Crawled caption data
-------

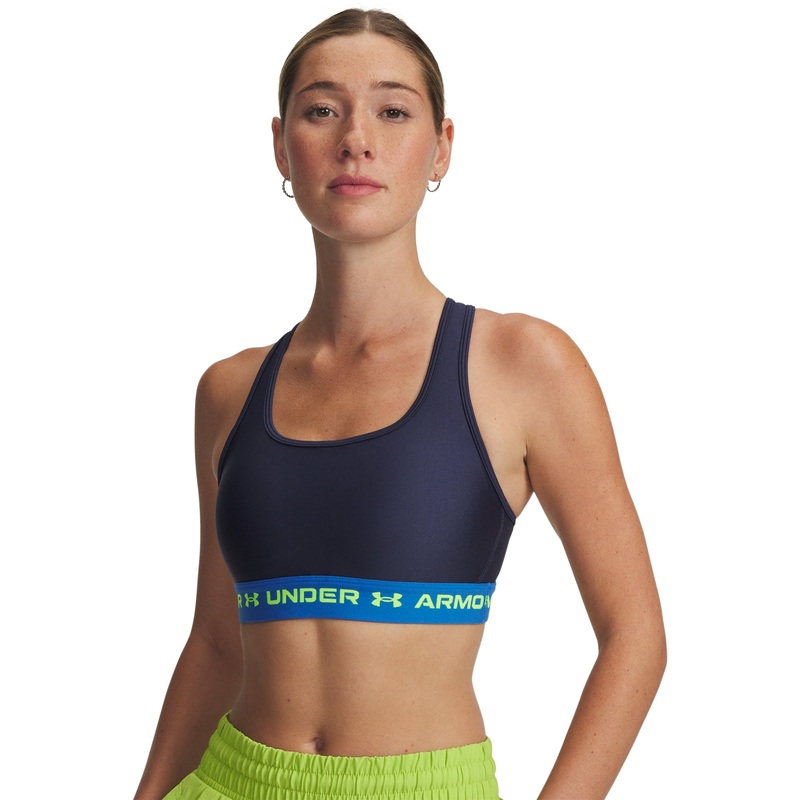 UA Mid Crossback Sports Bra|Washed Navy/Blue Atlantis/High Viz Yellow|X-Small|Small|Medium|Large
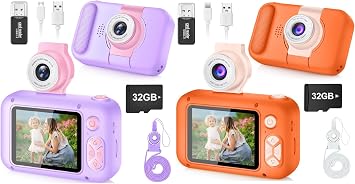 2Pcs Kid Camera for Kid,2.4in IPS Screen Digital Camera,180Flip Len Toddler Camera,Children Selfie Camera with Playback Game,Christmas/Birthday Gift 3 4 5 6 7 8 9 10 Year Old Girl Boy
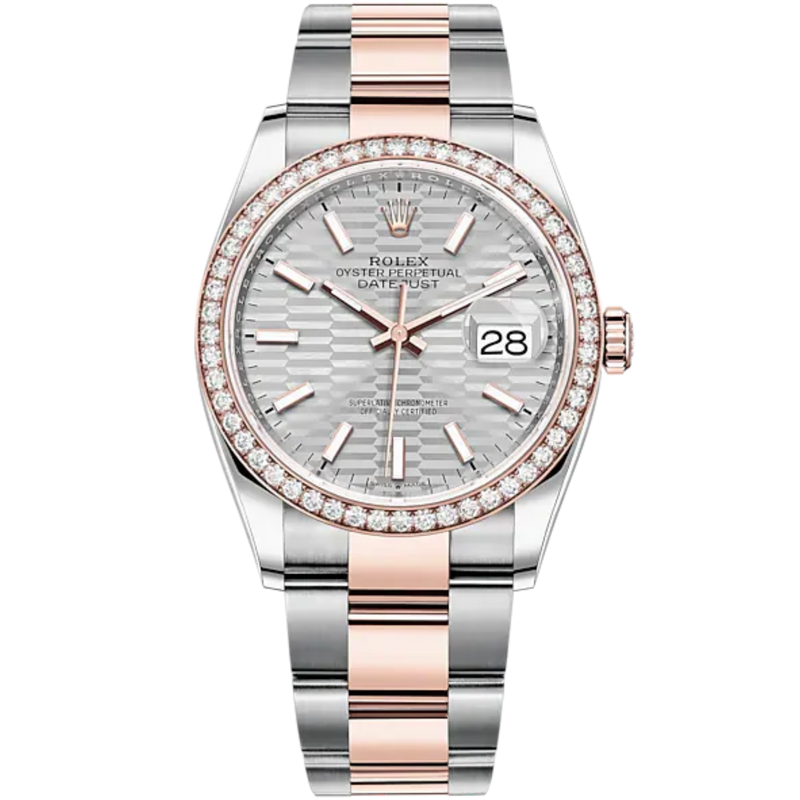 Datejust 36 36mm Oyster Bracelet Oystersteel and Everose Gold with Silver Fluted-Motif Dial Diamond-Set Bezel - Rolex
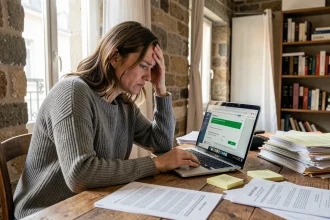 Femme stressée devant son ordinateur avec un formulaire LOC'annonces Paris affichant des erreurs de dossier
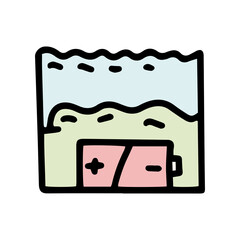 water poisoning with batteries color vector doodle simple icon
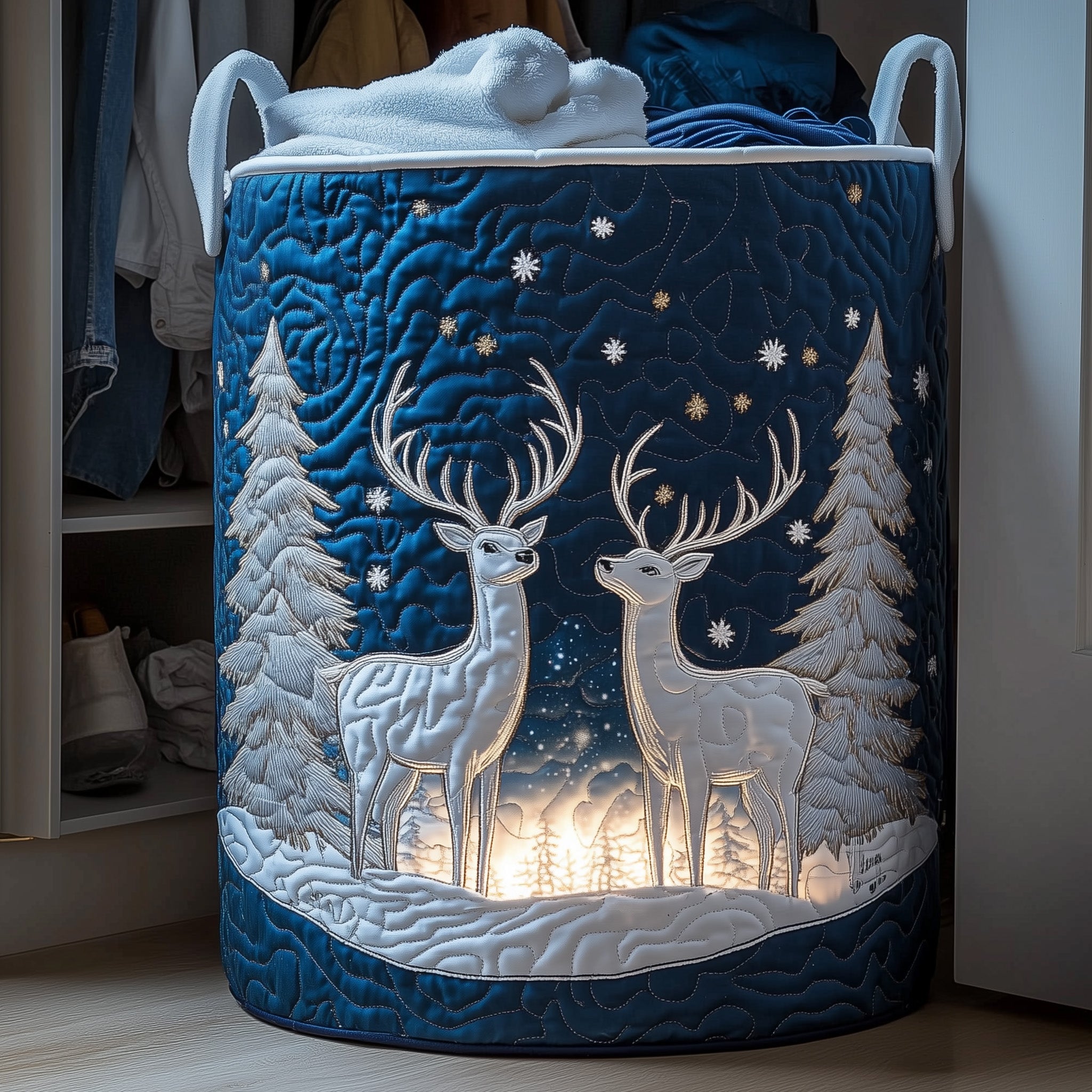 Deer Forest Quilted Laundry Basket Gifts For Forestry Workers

-------

# [WORK REQUIRED]
Your copy should restate every record word for word and contain no pictures.

# [ANSWER FOR THIS EXERCISE]
 UA Mid Crossback Sports Bra|Washed Navy/Blue Atlantis/High Viz Yellow|X-Small|Small|Medium|Large
 2Pcs Kid Camera for Kid,2.4in IPS Screen Digital Camera,180Flip Len Toddler Camera,Children Selfie Camera with Playback Game,Christmas/Birthday Gift 3 4 5 6 7 8 9 10 Year Old Girl Boy
 Datejust 36 36mm Oyster Bracelet Oystersteel and Everose Gold with Silver Fluted-Motif Dial Diamond-Set Bezel - Rolex
 Femme stressée devant son ordinateur avec un formulaire LOC'annonces Paris affichant des erreurs de dossier
 water poisoning with batteries color vector doodle simple icon
 Deer Forest Quilted Laundry Basket Gifts For Forestry Workers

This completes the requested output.